# EXERCISE BRIEF:
When you reproduce the entries below, keep each one exact and drop any pictures.

(Brief descriptive captions)
----

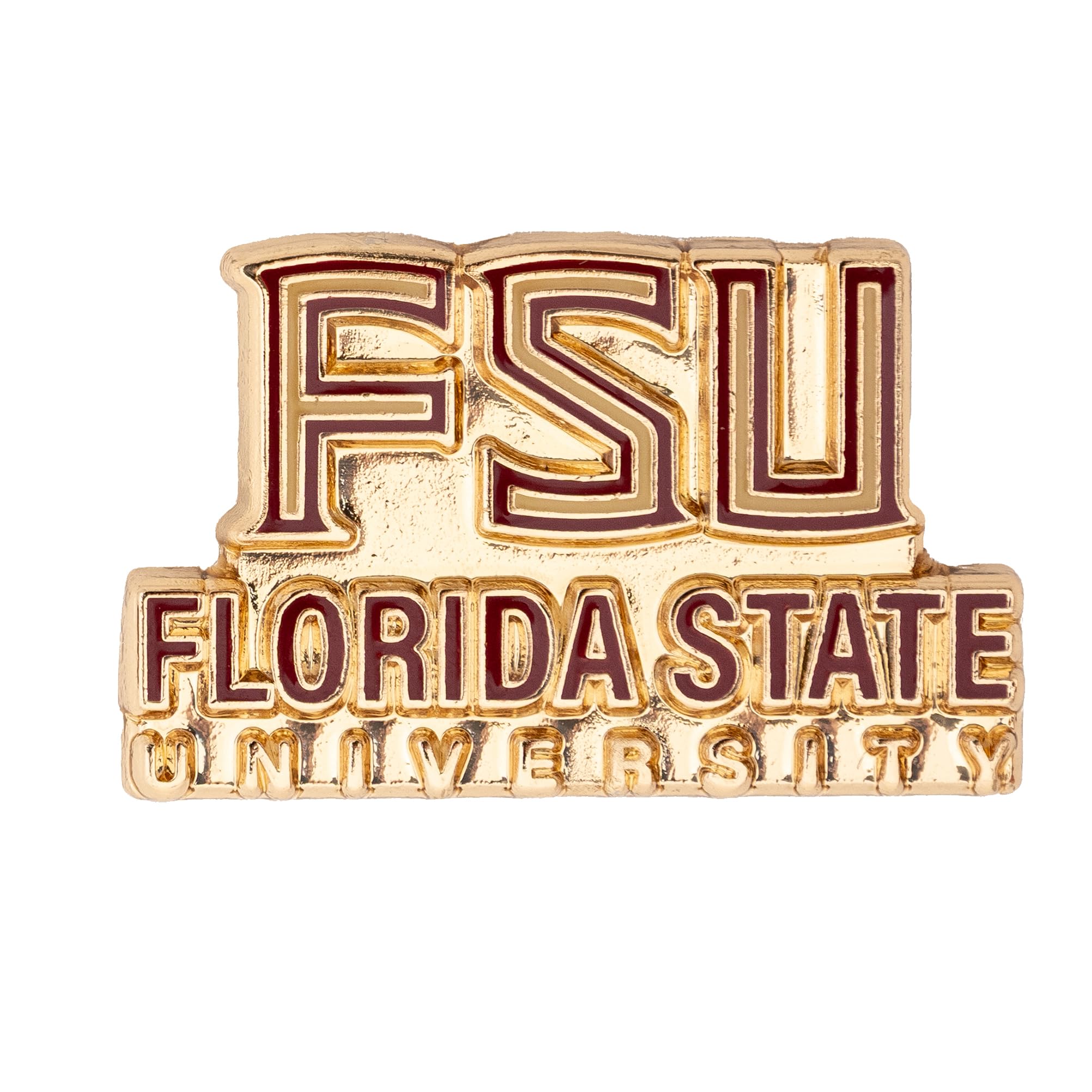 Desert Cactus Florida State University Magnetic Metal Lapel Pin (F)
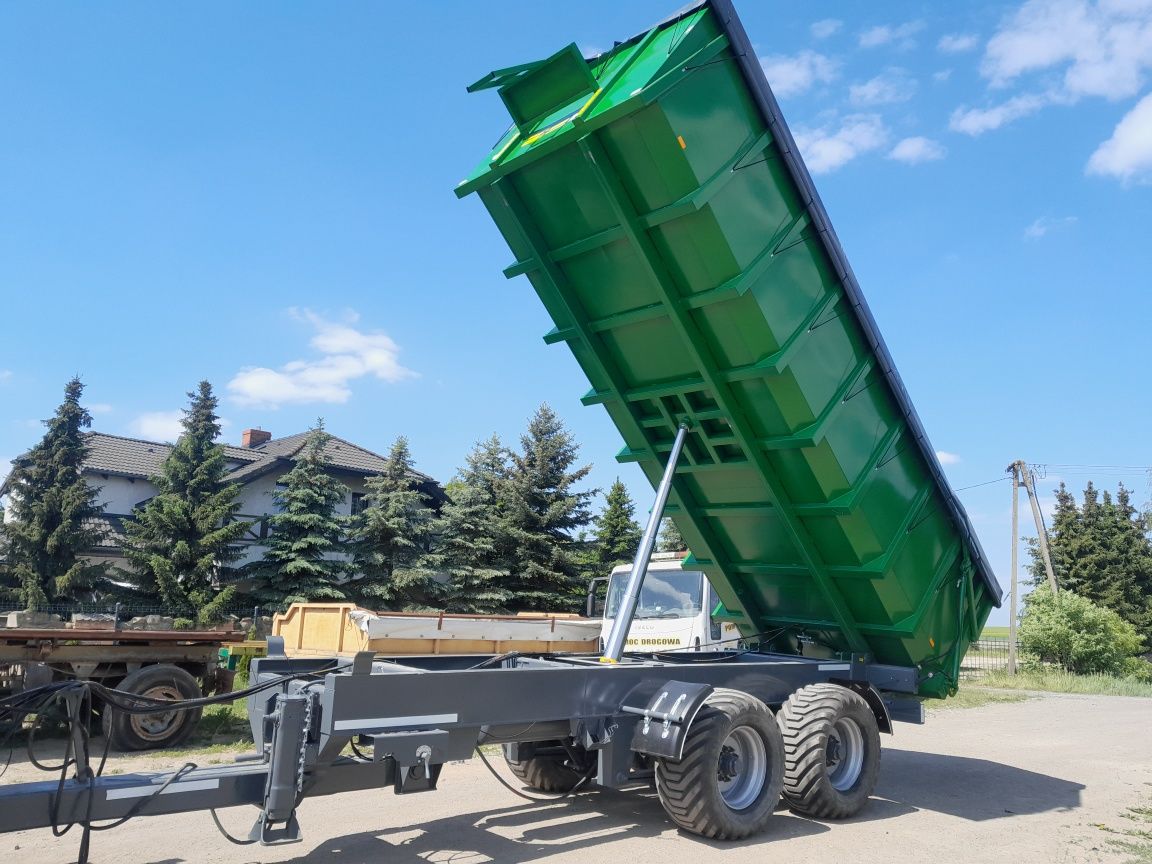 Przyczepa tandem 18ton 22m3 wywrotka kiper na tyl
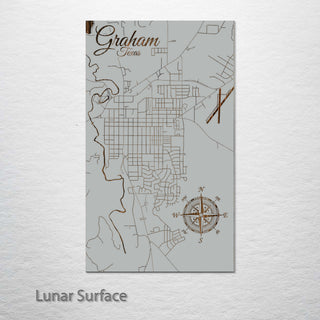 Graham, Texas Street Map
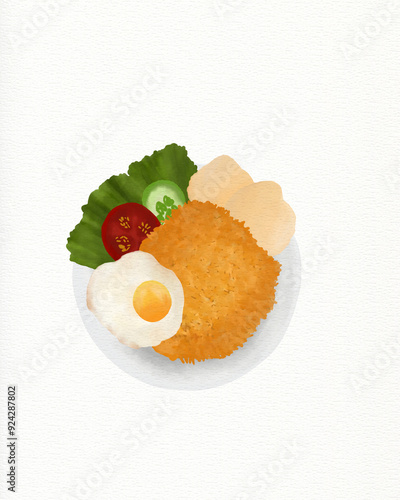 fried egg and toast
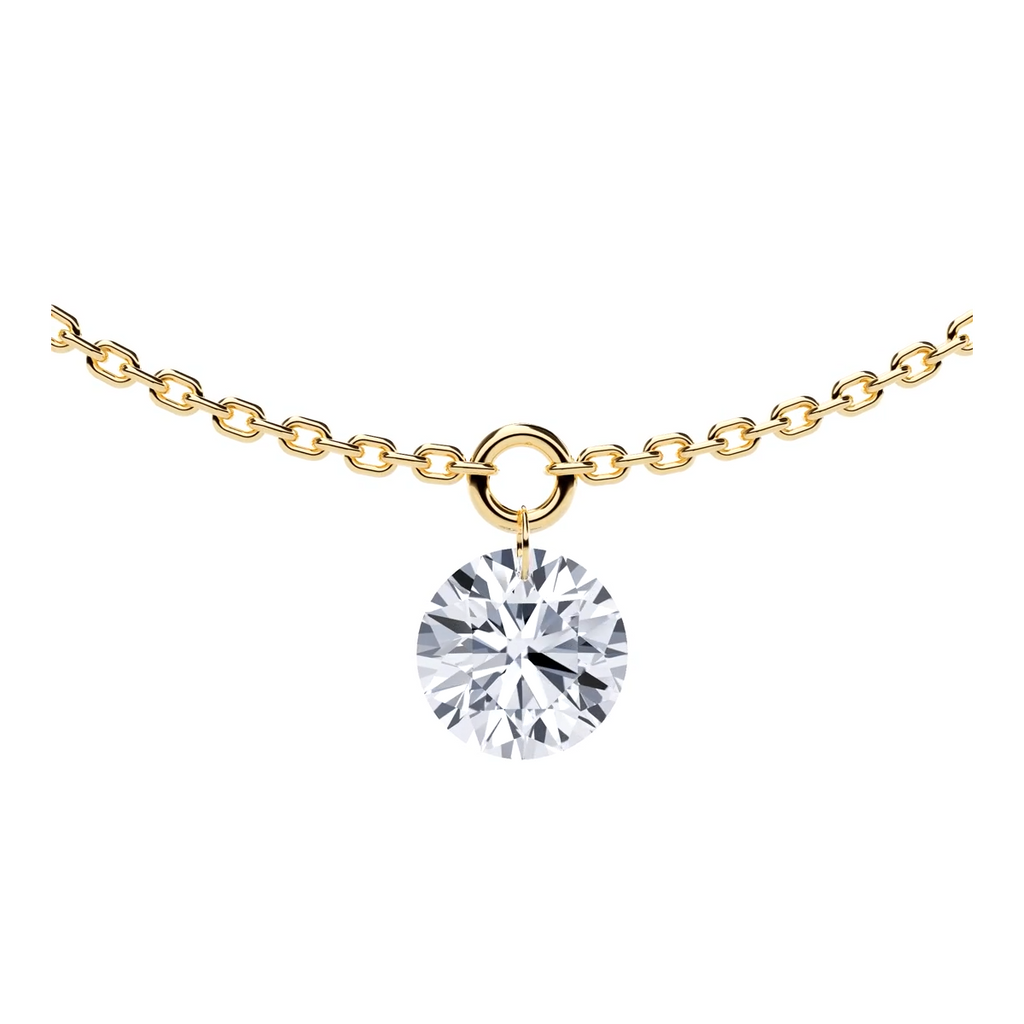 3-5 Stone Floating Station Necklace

----

# PROBLEM SOLUTION:
 Desert Cactus Florida State University Magnetic Metal Lapel Pin (F)
 Przyczepa tandem 18ton 22m3 wywrotka kiper na tyl
 Graham, Texas Street Map
 fried egg and toast
 3-5 Stone Floating Station Necklace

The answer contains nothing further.